When I first started learning to program, it was in BASIC on my old 386. No frameworks, no libraries — just line numbers, GOTO
, and me, trying to make something happen on the screen.
I taught myself to make extremely rudimentary computer graphics. I wasn’t drawing circles or sprites — I was manipulating individual pixels. Literally placing and moving little coloured dots around on a black screen. It felt like magic. Primitive, yes — but still magic.
Back then, I had a theory.
A computer screen (or a printed page) is just pixels. Pixels in a fixed grid, each with a limited set of colour values. But the combinations — the permutations — are practically infinite. Every image you’ve ever seen, and every image that could ever be, is just one permutation of coloured squares.
So I imagined building a program that simply randomised pixels. No input, no prompt. Just an engine churning out pixel combinations.
If I let it run long enough, I reasoned, it would eventually output:
- A perfect photo of me shaking hands with the Queen (despite that never happening)
- A frame-by-frame recording of the Big Bang
- Or a never-before-seen Renaissance masterpiece, signed and dated
Anything you could imagine — and far more that you couldn’t — would emerge.
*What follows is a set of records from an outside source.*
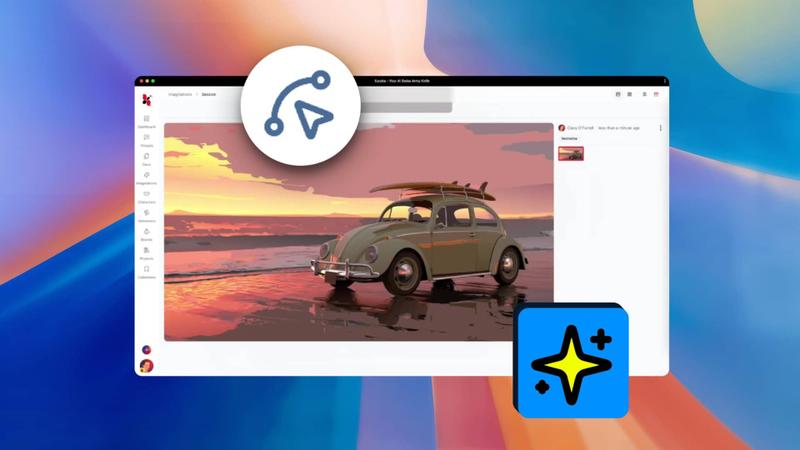 Use AI to Vectorise Images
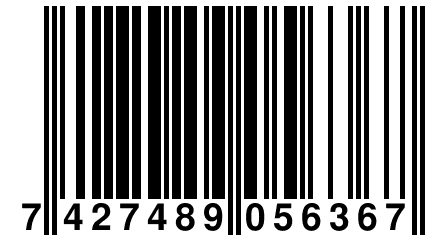 7 427489 056367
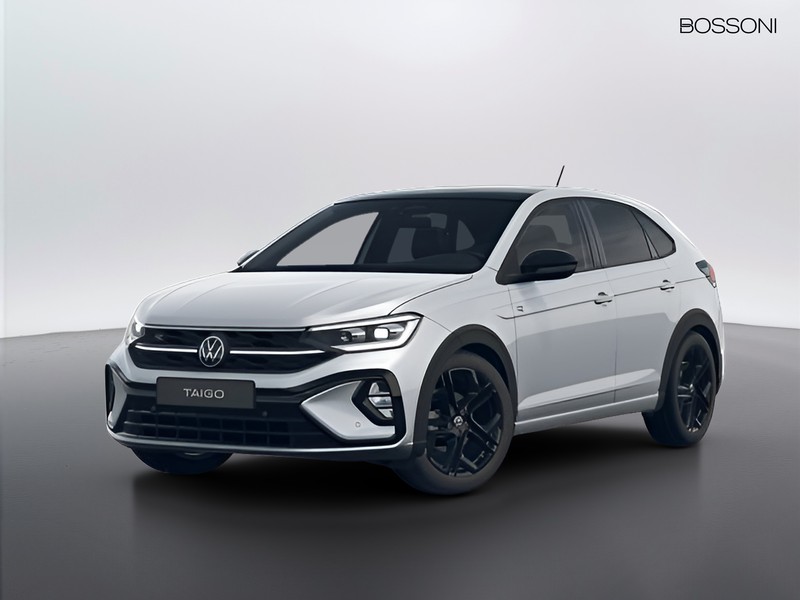 1 - Volkswagen Taigo 1.0 tsi 115cv r-line plus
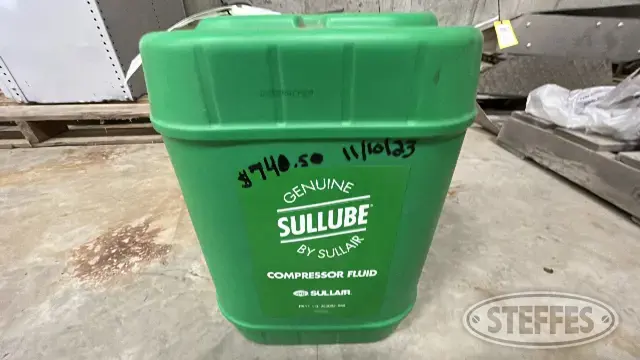 Sullube Compressor Fluid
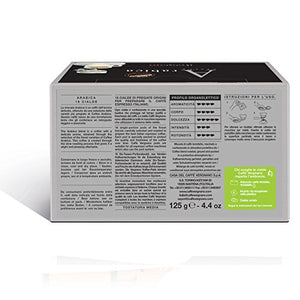 Caffè Vergnano 1882 Cialde Arabica - 6 confezioni da 18 cialde (totale... - Ilgrandebazar
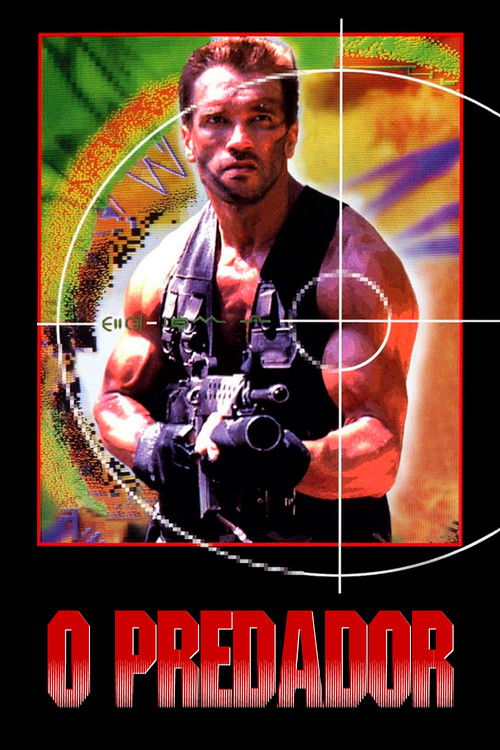 O Predador Torrent BluRay (1987) Dublado e Legendado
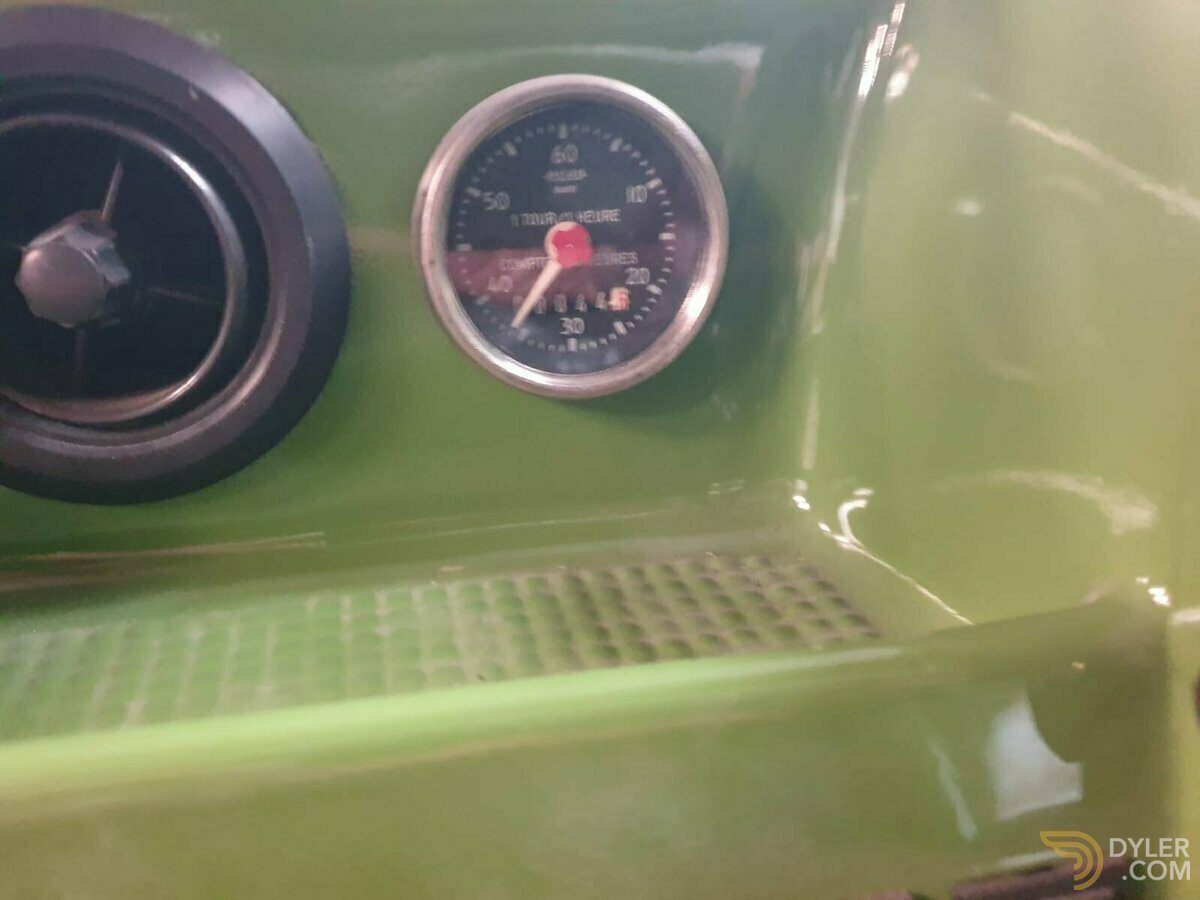 1979 Citroen Mehari, foto 4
Given enough time, every image must appear.
That was the theory, anyway.
Fast forward to today, and I can’t help but see the echo of this idea in diffusion models — the AI systems that now generate images from noise.
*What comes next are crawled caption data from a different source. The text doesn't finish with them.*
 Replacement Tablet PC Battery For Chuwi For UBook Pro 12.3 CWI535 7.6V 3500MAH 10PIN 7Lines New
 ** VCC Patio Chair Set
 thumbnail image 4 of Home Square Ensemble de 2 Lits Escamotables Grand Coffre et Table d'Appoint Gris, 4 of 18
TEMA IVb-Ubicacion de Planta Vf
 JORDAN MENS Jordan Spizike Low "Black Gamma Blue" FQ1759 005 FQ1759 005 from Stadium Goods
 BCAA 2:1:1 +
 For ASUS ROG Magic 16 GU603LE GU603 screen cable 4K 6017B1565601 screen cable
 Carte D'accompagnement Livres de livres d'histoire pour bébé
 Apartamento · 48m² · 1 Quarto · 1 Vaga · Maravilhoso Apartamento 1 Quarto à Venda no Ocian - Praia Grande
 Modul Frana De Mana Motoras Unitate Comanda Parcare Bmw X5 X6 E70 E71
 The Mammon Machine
These models don’t throw pixels around randomly, of course. They’re trained on billions of images, gradually learning how to de-noise static into recognisable patterns. But at their core, they still rely on navigating a vast space of possible pixel combinations, nudged by probability and learned associations.
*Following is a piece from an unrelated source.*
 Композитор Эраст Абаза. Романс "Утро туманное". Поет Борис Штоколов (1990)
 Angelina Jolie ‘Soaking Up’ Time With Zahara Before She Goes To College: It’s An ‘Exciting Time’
Where my naive image randomiser would take trillions of years to stumble across anything coherent, today’s models can conjure photorealistic scenes, fake memories, or imaginary places in seconds.
What changed? We taught the machine to guess which pixel patterns matter.
It’s funny — I used to dream about building a pixel engine that could surface the impossible. In a way, we’ve built that now. But instead of waiting for randomness to do the work, we’ve given it direction, context, and taste.
And now, it’s not just possible to generate a photo of me shaking hands with the Queen — I could do it in 30 seconds, with perfect lighting, at Buckingham Palace, smiling just the right way.
It still feels like magic.
Only now, it’s programmable.